_Exercise aim_
Without pictures, repeat exactly the lines from the one containing "Argoncaster-I Casting Machine" through the end of the entries.

(Stored items from a collection)
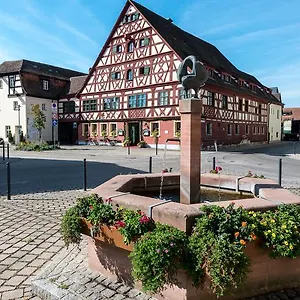 Hotel Der Schwan & Restaurant, Schwanstetten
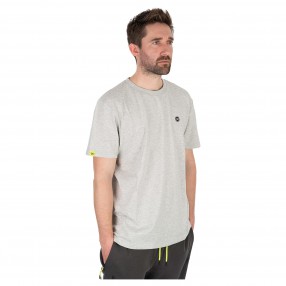 Koszulka Matrix Large Logo T-Shirt Grey - XXL
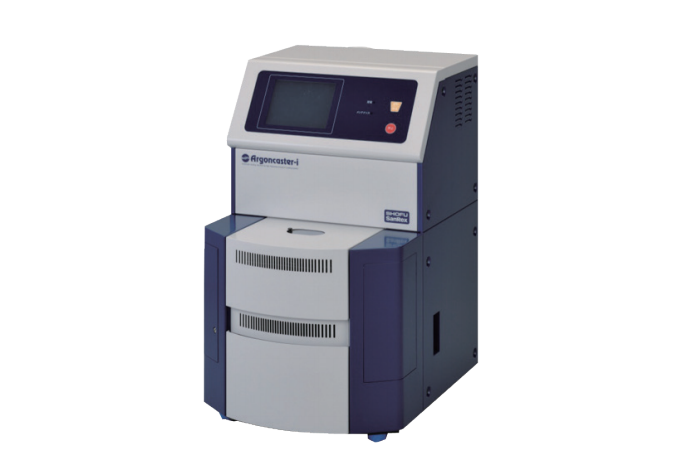 Argoncaster-I Casting Machine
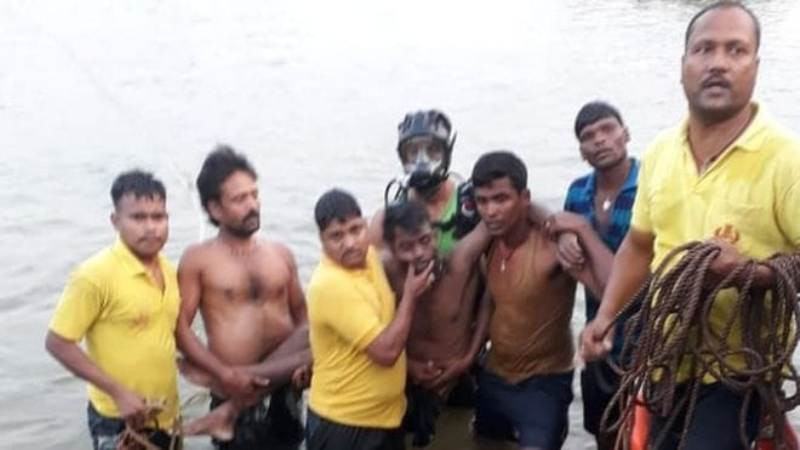 भारतमा  होली उत्सवपछि नुहाउन गएका १५ जनाको डुबेर मृत्यु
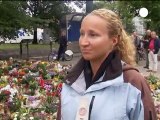 Scandinavia in silenzio per ricordare vittime Norvegia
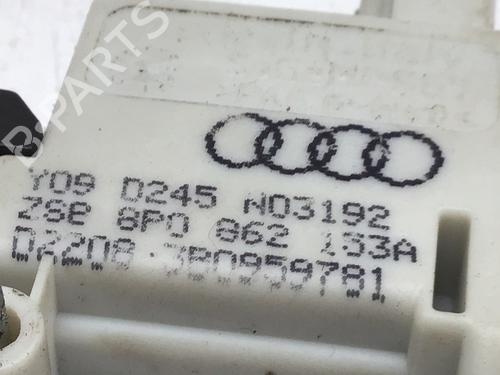 Fuel door actuator AUDI A3 (8P1) 1.4 TFSI | BP19333116E18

_Solution below_
 Argoncaster-I Casting Machine
 भारतमा  होली उत्सवपछि नुहाउन गएका १५ जनाको डुबेर मृत्यु
 Scandinavia in silenzio per ricordare vittime Norvegia
 Fuel door actuator AUDI A3 (8P1) 1.4 TFSI | BP19333116E18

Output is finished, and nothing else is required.